Assignment: Nothing outside the range is wanted. Repeat exactly the lines below from the one with "1 Bedroom condo in Chewathai Ratchaprarop" through the one with "23505 Malibu Colony Rd".

Records for the task:
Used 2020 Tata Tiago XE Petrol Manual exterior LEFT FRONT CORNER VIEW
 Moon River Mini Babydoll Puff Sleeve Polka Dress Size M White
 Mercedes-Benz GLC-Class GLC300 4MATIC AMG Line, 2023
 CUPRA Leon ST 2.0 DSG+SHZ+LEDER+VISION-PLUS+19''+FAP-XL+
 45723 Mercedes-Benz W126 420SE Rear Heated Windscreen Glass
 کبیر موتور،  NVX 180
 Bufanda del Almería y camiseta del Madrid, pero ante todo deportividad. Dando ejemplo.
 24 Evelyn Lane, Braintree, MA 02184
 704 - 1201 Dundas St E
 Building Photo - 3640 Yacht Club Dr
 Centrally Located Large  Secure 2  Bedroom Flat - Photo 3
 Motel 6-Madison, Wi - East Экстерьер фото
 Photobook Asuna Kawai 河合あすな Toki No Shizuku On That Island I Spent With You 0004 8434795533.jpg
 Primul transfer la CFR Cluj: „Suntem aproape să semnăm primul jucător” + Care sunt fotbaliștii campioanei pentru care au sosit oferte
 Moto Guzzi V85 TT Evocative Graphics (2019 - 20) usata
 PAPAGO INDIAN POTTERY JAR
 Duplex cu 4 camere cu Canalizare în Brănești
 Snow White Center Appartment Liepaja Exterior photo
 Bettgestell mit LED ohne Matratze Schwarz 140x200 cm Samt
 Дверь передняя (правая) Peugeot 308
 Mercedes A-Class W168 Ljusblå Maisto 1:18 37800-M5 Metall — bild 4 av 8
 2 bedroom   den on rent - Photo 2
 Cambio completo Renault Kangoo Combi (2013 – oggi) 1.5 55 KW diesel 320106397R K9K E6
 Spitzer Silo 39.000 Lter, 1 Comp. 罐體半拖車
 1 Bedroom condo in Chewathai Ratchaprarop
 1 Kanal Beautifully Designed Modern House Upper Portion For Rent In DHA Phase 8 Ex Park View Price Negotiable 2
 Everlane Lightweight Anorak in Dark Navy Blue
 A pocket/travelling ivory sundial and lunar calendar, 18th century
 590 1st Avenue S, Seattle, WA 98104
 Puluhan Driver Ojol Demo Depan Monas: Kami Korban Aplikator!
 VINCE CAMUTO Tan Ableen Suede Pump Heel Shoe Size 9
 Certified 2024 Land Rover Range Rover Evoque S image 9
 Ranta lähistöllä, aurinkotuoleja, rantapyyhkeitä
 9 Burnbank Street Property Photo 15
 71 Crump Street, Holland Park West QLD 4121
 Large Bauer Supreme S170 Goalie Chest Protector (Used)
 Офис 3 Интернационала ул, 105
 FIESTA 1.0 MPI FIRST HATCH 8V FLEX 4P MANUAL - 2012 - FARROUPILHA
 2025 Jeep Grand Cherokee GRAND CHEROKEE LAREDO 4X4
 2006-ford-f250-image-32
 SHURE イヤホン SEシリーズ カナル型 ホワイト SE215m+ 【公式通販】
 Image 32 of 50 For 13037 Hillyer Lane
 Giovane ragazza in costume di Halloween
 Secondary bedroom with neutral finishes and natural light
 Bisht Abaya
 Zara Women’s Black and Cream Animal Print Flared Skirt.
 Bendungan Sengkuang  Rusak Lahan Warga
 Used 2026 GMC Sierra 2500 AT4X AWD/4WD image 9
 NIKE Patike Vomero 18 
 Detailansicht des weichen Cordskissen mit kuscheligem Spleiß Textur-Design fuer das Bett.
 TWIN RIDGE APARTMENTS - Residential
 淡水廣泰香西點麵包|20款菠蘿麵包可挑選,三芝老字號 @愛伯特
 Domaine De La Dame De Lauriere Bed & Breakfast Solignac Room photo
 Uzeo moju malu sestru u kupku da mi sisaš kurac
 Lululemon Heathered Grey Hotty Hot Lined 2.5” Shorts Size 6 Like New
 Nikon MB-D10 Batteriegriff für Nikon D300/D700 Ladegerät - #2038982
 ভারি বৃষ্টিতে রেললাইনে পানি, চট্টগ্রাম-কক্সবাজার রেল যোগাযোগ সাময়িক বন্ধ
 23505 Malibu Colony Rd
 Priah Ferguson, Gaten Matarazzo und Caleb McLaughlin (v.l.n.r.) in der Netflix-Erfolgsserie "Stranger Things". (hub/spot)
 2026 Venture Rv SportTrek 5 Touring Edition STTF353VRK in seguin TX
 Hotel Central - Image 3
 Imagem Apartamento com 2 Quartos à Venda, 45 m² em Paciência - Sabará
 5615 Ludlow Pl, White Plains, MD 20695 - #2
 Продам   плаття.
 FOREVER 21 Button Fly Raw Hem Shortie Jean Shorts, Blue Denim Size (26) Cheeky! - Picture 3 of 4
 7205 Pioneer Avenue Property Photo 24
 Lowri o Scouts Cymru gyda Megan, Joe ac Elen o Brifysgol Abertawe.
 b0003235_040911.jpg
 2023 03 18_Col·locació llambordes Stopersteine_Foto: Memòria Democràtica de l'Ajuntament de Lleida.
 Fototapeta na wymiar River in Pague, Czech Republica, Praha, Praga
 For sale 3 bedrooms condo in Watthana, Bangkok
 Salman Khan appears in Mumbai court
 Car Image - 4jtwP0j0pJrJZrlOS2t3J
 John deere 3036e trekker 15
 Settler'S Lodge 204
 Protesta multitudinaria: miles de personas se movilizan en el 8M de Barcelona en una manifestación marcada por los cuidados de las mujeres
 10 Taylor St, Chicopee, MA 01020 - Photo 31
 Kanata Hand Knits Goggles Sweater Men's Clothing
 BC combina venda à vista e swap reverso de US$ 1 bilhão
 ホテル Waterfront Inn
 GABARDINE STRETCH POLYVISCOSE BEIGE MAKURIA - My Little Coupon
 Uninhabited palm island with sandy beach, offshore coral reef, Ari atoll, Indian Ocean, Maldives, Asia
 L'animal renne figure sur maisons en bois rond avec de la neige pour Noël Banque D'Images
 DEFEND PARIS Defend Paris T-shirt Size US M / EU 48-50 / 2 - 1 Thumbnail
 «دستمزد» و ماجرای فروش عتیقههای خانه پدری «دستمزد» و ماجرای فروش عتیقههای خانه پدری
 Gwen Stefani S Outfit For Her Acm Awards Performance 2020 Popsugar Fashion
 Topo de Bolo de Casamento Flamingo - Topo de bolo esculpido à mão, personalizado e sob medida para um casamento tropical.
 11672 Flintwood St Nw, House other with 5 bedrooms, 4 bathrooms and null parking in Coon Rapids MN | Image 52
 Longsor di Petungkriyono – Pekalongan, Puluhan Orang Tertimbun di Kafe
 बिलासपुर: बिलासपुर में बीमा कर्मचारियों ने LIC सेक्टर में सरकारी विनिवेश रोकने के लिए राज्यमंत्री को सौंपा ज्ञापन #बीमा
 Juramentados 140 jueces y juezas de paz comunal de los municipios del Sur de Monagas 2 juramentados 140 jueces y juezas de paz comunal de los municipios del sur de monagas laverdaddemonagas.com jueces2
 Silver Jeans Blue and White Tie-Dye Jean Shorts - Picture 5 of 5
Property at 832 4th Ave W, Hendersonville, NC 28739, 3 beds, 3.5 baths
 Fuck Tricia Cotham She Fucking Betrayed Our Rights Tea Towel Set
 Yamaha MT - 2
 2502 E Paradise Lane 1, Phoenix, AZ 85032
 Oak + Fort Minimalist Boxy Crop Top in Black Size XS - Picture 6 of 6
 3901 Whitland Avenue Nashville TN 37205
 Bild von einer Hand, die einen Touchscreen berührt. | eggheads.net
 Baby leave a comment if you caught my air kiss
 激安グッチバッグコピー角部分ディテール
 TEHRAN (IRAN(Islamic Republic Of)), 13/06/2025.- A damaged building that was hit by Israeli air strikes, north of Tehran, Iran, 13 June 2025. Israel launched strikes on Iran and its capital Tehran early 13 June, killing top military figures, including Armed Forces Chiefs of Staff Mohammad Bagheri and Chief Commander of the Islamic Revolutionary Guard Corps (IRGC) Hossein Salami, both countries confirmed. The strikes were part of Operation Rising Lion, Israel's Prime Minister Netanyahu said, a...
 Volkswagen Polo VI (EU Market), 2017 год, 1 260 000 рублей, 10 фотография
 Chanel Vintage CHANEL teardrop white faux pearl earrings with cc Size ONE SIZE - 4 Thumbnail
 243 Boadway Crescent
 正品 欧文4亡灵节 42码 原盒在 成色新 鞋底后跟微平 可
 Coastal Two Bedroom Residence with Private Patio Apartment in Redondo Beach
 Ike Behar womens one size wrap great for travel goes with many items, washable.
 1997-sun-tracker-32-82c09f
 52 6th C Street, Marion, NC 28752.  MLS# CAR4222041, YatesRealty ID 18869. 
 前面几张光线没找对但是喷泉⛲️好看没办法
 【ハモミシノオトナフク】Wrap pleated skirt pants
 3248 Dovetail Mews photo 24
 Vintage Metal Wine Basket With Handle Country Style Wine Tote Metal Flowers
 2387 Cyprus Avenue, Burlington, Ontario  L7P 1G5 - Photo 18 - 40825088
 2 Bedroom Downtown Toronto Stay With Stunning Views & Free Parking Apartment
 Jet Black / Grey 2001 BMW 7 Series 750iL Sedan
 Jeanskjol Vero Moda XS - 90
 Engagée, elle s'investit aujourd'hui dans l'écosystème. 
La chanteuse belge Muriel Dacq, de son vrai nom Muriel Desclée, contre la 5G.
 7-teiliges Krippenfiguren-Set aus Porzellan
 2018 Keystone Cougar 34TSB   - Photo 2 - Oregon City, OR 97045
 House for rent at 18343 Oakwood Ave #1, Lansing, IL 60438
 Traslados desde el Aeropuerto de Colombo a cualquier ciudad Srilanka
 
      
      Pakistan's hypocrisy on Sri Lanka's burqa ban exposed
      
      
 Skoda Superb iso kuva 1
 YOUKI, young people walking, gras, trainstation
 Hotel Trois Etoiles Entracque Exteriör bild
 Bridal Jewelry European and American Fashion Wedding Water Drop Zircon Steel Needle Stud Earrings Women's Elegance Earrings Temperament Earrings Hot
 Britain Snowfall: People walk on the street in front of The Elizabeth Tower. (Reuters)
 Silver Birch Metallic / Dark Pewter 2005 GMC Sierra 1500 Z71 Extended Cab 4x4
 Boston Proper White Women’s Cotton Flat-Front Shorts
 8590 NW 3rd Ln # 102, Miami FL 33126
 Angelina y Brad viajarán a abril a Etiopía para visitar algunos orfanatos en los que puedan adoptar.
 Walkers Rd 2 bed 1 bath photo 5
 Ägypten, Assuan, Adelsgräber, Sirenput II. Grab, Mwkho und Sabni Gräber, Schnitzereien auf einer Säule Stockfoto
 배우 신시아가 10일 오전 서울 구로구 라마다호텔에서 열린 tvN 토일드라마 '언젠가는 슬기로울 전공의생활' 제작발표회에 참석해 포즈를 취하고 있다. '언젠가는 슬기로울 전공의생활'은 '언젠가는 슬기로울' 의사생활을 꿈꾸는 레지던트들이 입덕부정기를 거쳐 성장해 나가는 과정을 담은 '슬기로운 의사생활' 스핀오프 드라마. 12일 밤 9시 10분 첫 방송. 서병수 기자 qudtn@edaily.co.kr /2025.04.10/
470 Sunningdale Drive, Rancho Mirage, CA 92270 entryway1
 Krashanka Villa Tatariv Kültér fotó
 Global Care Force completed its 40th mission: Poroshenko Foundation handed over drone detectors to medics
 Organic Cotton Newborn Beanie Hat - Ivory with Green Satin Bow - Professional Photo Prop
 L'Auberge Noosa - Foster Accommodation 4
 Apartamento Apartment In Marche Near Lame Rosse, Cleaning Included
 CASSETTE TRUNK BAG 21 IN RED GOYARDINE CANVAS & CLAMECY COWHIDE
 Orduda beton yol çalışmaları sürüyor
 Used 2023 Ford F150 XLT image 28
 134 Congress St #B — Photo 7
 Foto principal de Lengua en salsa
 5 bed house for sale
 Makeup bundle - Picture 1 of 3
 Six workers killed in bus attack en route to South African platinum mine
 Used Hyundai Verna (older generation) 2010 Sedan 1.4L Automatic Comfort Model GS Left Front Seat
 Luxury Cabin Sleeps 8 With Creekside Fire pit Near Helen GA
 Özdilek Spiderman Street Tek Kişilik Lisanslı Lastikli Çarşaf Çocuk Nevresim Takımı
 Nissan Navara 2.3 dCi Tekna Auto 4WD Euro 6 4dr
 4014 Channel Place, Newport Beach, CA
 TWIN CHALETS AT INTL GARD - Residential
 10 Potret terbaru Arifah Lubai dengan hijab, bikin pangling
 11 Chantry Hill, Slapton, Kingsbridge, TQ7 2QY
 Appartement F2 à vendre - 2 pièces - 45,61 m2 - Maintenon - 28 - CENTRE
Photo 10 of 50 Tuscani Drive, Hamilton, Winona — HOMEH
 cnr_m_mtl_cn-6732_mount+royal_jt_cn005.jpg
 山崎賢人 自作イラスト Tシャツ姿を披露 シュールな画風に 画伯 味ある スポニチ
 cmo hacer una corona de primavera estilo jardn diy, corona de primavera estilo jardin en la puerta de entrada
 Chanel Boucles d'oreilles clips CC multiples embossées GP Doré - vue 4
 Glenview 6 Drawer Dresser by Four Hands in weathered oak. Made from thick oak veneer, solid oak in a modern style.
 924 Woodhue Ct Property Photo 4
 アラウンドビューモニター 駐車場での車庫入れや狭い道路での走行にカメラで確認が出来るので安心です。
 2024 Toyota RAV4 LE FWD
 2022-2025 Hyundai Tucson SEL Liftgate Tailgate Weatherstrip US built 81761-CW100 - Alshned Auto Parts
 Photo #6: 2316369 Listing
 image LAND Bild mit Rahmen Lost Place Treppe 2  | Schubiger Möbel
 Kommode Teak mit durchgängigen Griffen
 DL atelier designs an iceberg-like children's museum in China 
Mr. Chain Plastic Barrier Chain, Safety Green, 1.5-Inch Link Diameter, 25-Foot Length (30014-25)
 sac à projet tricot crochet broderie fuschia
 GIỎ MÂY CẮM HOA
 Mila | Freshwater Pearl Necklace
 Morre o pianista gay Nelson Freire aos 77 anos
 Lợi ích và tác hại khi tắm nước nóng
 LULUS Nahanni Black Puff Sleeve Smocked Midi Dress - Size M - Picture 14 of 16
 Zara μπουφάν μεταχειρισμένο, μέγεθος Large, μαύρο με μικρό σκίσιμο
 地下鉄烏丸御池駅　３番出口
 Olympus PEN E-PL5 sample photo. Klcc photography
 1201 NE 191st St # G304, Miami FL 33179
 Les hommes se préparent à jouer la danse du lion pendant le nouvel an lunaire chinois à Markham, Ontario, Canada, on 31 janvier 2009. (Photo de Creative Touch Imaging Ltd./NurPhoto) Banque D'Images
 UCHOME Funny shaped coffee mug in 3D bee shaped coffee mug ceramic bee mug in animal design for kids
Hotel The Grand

Your solution:
 1 Bedroom condo in Chewathai Ratchaprarop
 1 Kanal Beautifully Designed Modern House Upper Portion For Rent In DHA Phase 8 Ex Park View Price Negotiable 2
 Everlane Lightweight Anorak in Dark Navy Blue
 A pocket/travelling ivory sundial and lunar calendar, 18th century
 590 1st Avenue S, Seattle, WA 98104
 Puluhan Driver Ojol Demo Depan Monas: Kami Korban Aplikator!
 VINCE CAMUTO Tan Ableen Suede Pump Heel Shoe Size 9
 Certified 2024 Land Rover Range Rover Evoque S image 9
 Ranta lähistöllä, aurinkotuoleja, rantapyyhkeitä
 9 Burnbank Street Property Photo 15
 71 Crump Street, Holland Park West QLD 4121
 Large Bauer Supreme S170 Goalie Chest Protector (Used)
 Офис 3 Интернационала ул, 105
 FIESTA 1.0 MPI FIRST HATCH 8V FLEX 4P MANUAL - 2012 - FARROUPILHA
 2025 Jeep Grand Cherokee GRAND CHEROKEE LAREDO 4X4
 2006-ford-f250-image-32
 SHURE イヤホン SEシリーズ カナル型 ホワイト SE215m+ 【公式通販】
 Image 32 of 50 For 13037 Hillyer Lane
 Giovane ragazza in costume di Halloween
 Secondary bedroom with neutral finishes and natural light
 Bisht Abaya
 Zara Women’s Black and Cream Animal Print Flared Skirt.
 Bendungan Sengkuang  Rusak Lahan Warga
 Used 2026 GMC Sierra 2500 AT4X AWD/4WD image 9
 NIKE Patike Vomero 18 
 Detailansicht des weichen Cordskissen mit kuscheligem Spleiß Textur-Design fuer das Bett.
 TWIN RIDGE APARTMENTS - Residential
 淡水廣泰香西點麵包|20款菠蘿麵包可挑選,三芝老字號 @愛伯特
 Domaine De La Dame De Lauriere Bed & Breakfast Solignac Room photo
 Uzeo moju malu sestru u kupku da mi sisaš kurac
 Lululemon Heathered Grey Hotty Hot Lined 2.5” Shorts Size 6 Like New
 Nikon MB-D10 Batteriegriff für Nikon D300/D700 Ladegerät - #2038982
 ভারি বৃষ্টিতে রেললাইনে পানি, চট্টগ্রাম-কক্সবাজার রেল যোগাযোগ সাময়িক বন্ধ
 23505 Malibu Colony Rd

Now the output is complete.